The Digital Skills Accelerator program of the Aid for Rural Education Access Initiative, aimed at training 300 secondary school girls in basic digital skills across ten secondary schools in Nigeria’s Federal Capital, Abuja, is one significant strategic way of mitigating the high rate of digital disparity in the twenty-first century.
The importance of the timing of this basic digital skills learning program cannot be overstated, as the secondary school girls who have been participating in the training went on their general secondary break, allowing the girls to engage with various digital devices using the skills they have been equipped with to learn remotely.
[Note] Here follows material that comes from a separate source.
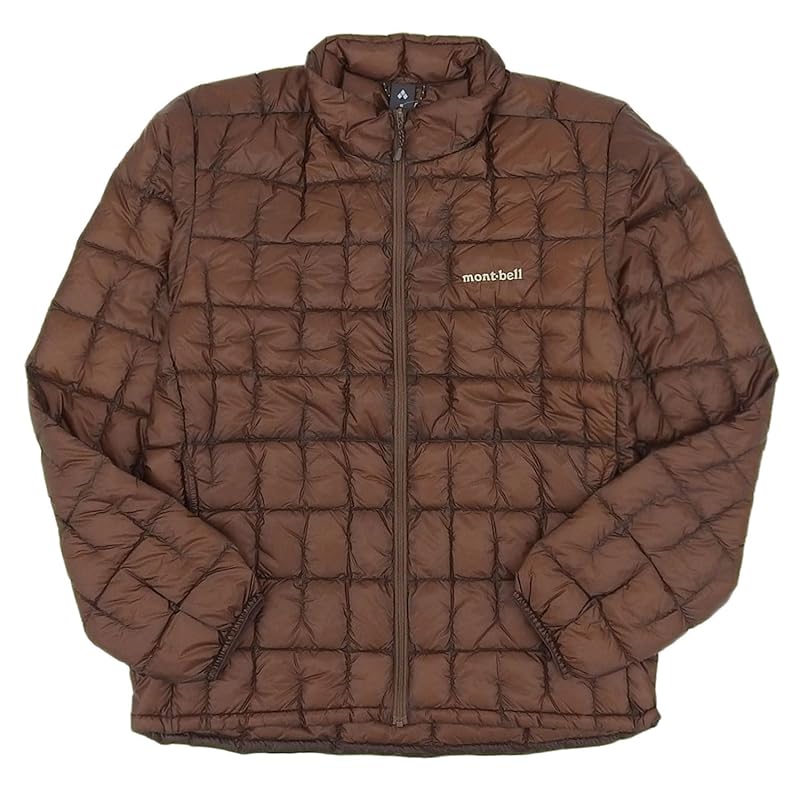 

[Montbell] plasma 1000 down jacket men s 1000 fill power trekking Winter clothes 1101493 (Brown (BN) /L)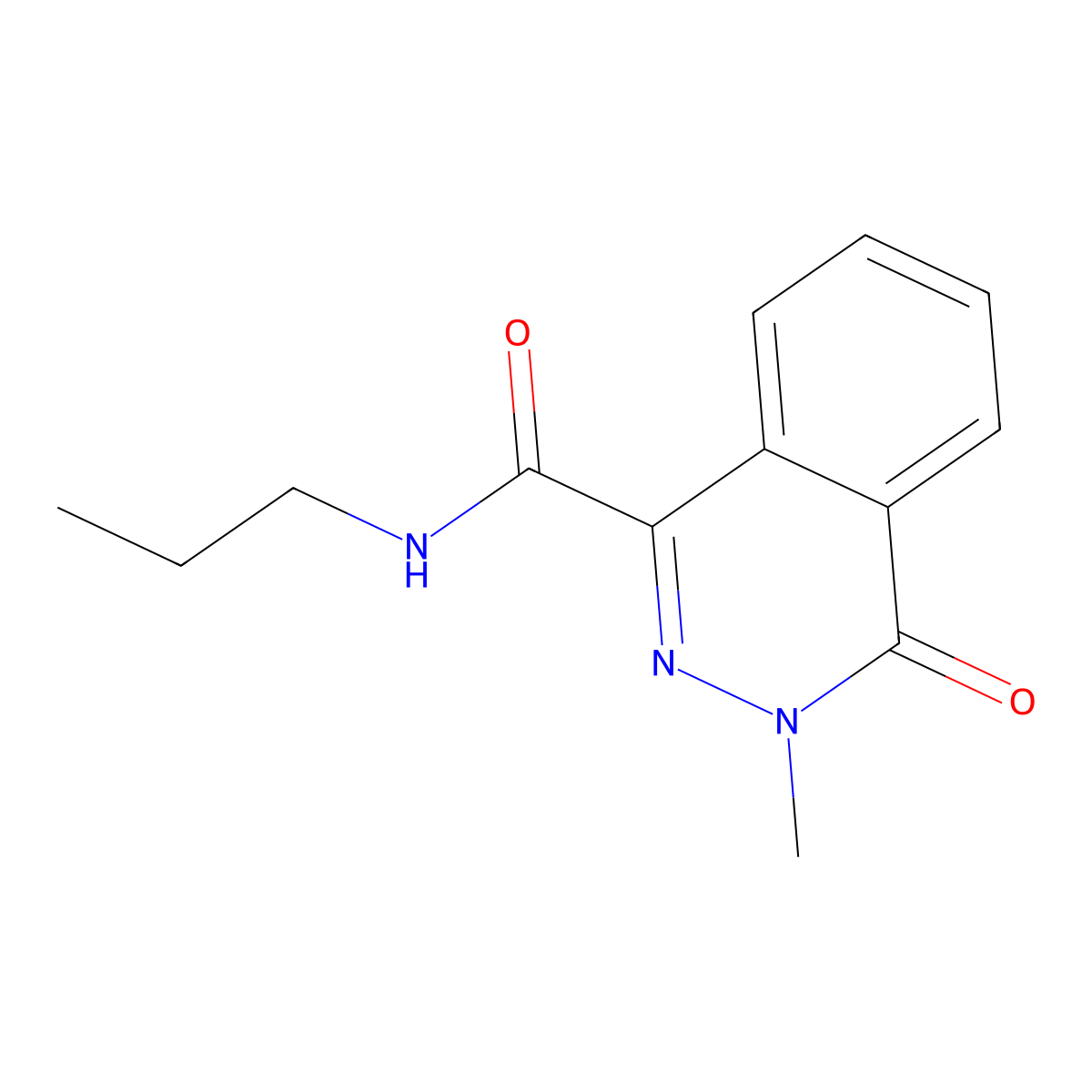 3-methyl-4-oxo-N-propylphthalazine-1-carboxamide molecular structure, CAS 745789-16-6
With the passion for not leaving any child behind in this interconnected world where globalization, information communication technology, and knowledge explosion have reduced the world to a global village, AREAi partnered with two organizations: ARM THE CHILD FOUNDATION, social welfare, and development organization founded to provide free education to internally displaced children and vulnerable children, and UNITED WAY GREATER NIGERIA, a non-profit organization founded to provide free education to internally displaced children and vulnerable children.
This partnership entails a DSA summer learning program to provide computer training and digital skills training to 120 out-of-school young people aged 12 to 20, which aligns with SDGs 4 and 10 (Quality Education and Inequality Reduction). We believe that by investing in digital skills education for children in underserved communities, we can reduce inequalities among urban and underserved students.
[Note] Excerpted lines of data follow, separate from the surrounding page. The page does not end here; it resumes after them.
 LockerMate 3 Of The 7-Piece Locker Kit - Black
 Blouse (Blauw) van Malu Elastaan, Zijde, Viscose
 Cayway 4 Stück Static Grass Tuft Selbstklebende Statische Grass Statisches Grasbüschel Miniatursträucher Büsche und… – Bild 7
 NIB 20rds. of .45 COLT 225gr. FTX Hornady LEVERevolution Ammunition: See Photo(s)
The intervention is built around a learner-centered curriculum with the goal of exposing these underserved children to a world of science education in which they can actively participate and leverage while continuing their formal and informal education.
For five weeks, students from Kuchingoro IDP camp and Dutse Camp were exposed to 2 hours of digital skills training facilitated by AREAi’s trained facilitators at Kuchingoro IDP camp and Dutse Centre. These classes were both cognitively demanding and practically engaging, with our intensive curriculum including an introduction to ICT Access and Usage, Information Navigation Skills, Operational Skills, Mobile Skills, and Presentation Skills, all of which are necessary for improving awareness and usage of digital technologies.
The intervention was a huge success, and after five weeks of intensive digital skills training, the MEAL team conducted an endline assessment to determine the program’s impact. Unlike most digital skills measurement protocols that use a self-assessment technique, two digital skills protocols were combined, self-assessment and participant observation, to assess their skill level rigorously.
The learners in this training performed admirably, with their knowledge of digital skills increasing; female participants were 13% at baseline evaluation but increased to 50% at the endline for all sections of skills, while male participants were 21% at baseline evaluation but increased to 60% at the endline for all sections of skills.